[EXERCISE] Output exactly, and only, the lines below from the one with "Main bedroom with" down to the one with "view of playground with a patio". Include both end lines and no pictures.

[SUPPLIED RECORDS]

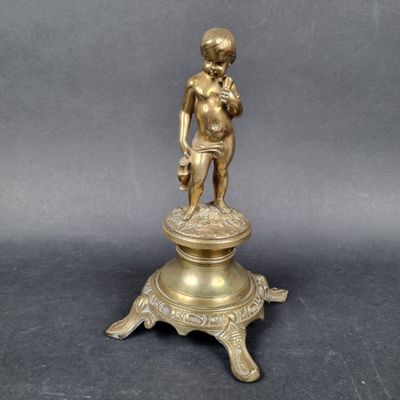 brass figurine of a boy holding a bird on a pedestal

* * *

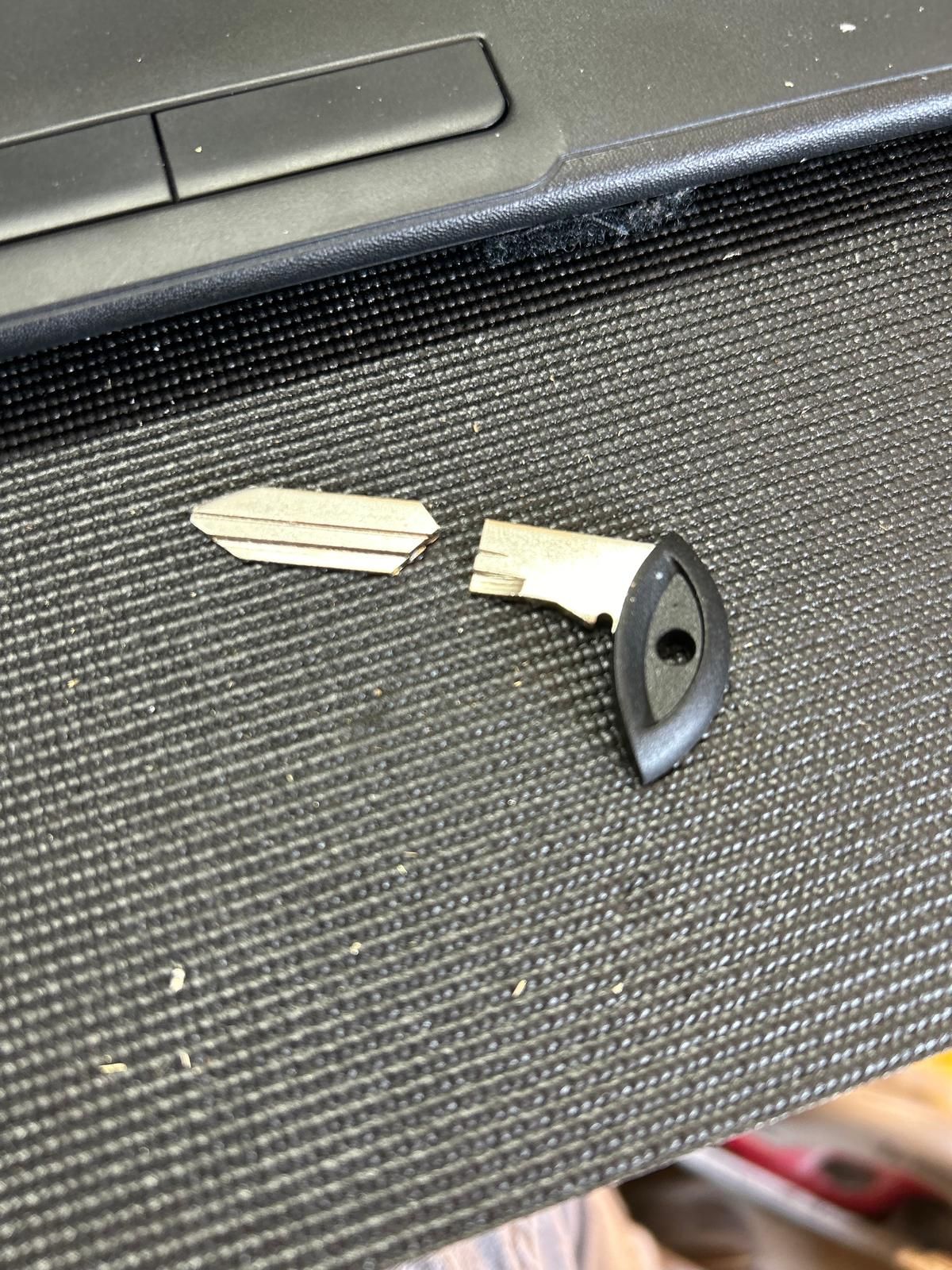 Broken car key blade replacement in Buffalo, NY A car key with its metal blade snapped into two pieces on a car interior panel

---

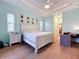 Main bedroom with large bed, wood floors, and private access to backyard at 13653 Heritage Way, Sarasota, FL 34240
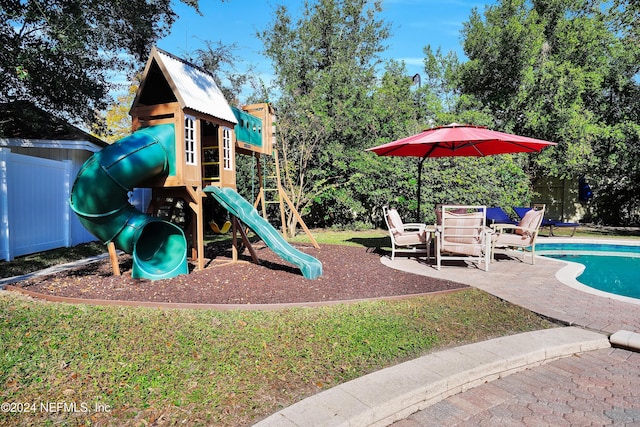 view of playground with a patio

[OUTPUT OF THE TASK]
 Main bedroom with large bed, wood floors, and private access to backyard at 13653 Heritage Way, Sarasota, FL 34240
 view of playground with a patio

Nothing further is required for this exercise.